A. morì il 6 luglio 1533; le sue spoglie sono
custodite nella Biblioteca comunale ariostea di Ferrara. Croce, commentando il
teatro ariostesco, sostenne che esso rappresentava la parte meno ispirata della
produzione del poeta; la necessità di fornire commedie al Teatro della
Corte estense costituiva, in effetti, solo una delle molteplici funzioni di
cortigiano dell'
A. La fondatezza di questa tesi è indiscutibile.
Infatti né la
Cassaria (recitata nel 1508 e rifatta molti anni
dopo, riducendola da prosastica a poetica, in endecasillabi sdruccioli),
né i
Suppositi (1509) (rifatta poi in versi), né la
Lena (1528), né il
Negromante (scritta a più
riprese), né
I Studenti (iniziata l'anno della sua morte e
compiuta col nuovo titolo
Scolastica dal fratello Gabriele) hanno
un'autentica vivacità comica e gli indiscussi pregi d'arte che
caratterizzano l'
Orlando Furioso. La
Lena, che è la
migliore, ha una comicità tutta meccanica, le altre sono decorose
imitazioni del teatro latino di Plauto e Terenzio. Le commedie dell'
A.
sono in endecasillabi sdruccioli, che tentano di rifare il verso al trimetro
giambico dei comici antichi. Il risultato è quasi sempre una mediocre
prosa ritmica o, se si preferisce, una poesia prosastica non eccelsa. In
realtà il teatro comico dell'
A. esiste ed è grande. Ma esso
si deve ricercare non nelle scialbe rappresentazioni per la Corte estense, ma
nelle luminose ottave dell'
Orlando Furioso, che si dipana attraverso
numerosi episodi in un intricato percorso narrativo in cui la realtà e
l'illusione, la gioia e il dolore si mescolano continuamente. Qui gli uomini e
le donne sono osservati e accettati con la sorridente ironia di chi considera la
vita come una grande tragi-commedia dove tutti, buoni e malvagi, umili e
potenti, sono mossi da forze e da passioni in cui è umano indulgere.

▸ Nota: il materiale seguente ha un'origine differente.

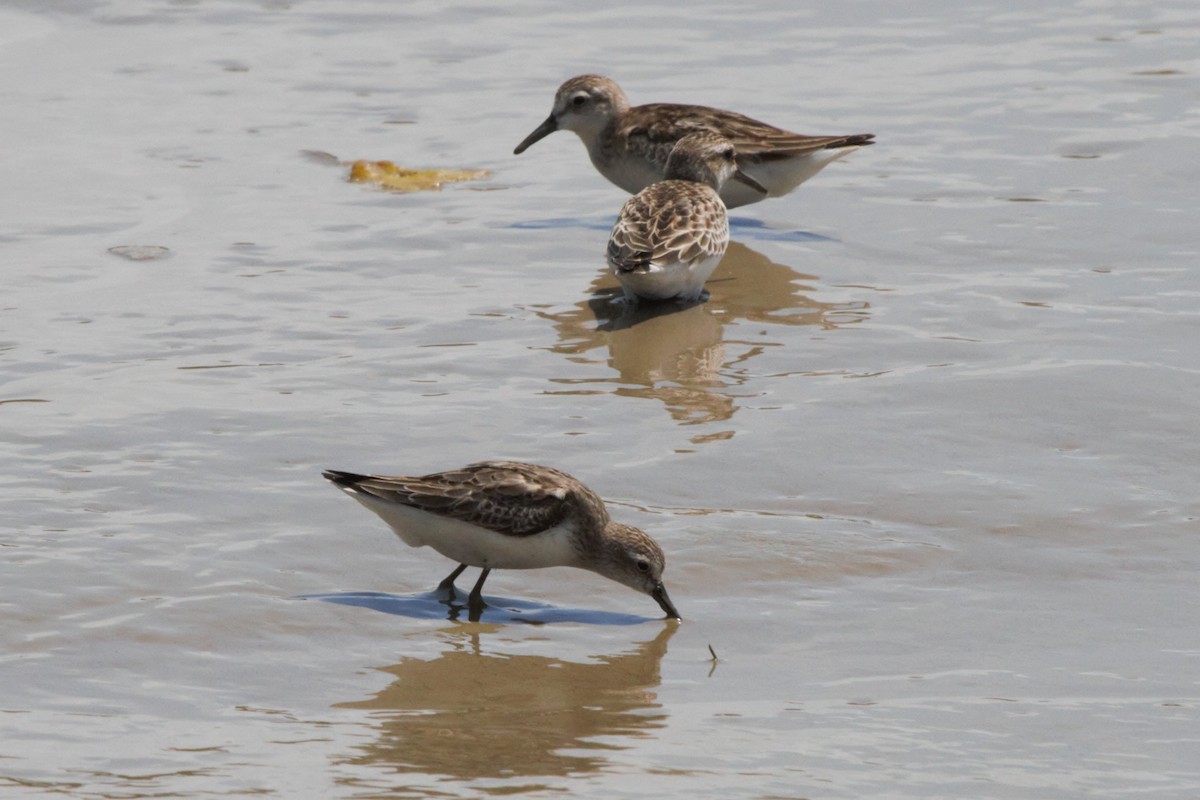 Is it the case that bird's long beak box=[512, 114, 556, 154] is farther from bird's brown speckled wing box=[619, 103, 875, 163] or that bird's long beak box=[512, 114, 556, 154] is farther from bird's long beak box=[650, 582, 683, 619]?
bird's long beak box=[650, 582, 683, 619]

Sull'opera aleggia un senso di superiore tolleranza per le debolezze dell'animo
umano, che porta a considerare chiunque, indistintamente, degno d'ironico
compatimento e di bonaria comprensione. L'
Orlando Furioso consta di 46
canti e di 4.834 ottave. La varietà degli episodi è tale che
riesce ben difficile poter ordinare in uno schema narrativo lineare e preciso le
vicende del poema. Già Alfieri lamentava che "
A. nel mezzo del
fatto ti pianti lì", e Foscolo, analogamente, deplorava che "nell'istante
medesimo che la narrazione d'un'avventura ci scorre innanzi come un torrente,
questo diventa secco a un tratto, e subito dopo udiamo il mormorio di ruscelli
di cui avevamo smarrito il corso...". Il poeta riprende un antico motivo
cavalleresco già trattato da Boiardo: il punto di partenza è dato
dall'ultimo canto dell'
Orlando innamorato, dove Angelica viene consegnata
al duca di Baviera perché sia data in premio al più valoroso
guerriero. Con la fuga della bella Angelica ha inizio la nuova vicenda. Tema
centrale del poema, vero fulcro narrativo intorno a cui si riannodano i vari
episodi, è la guerra di Carlo Magno contro gli infedeli; terminata la
guerra, ecco le contrastate nozze di Bradamante e di Ruggero; e infine, quando
sembra che più nulla ostacoli le sospirate nozze, giunge Rodomonte a
sfidare lo sposo nel mortale duello in cui il saraceno avrà la peggio.
Nell'opera l'
A. profonde un'intensa ispirazione fantastica, creando
un'epopea di profonda umanità e di veemente passione, pur mitigata da un
sereno e calmo senso dell'esistenza, che attinge a vette artistiche
difficilmente raggiungibili (Reggio Emilia 1474 - Ferrara 1533).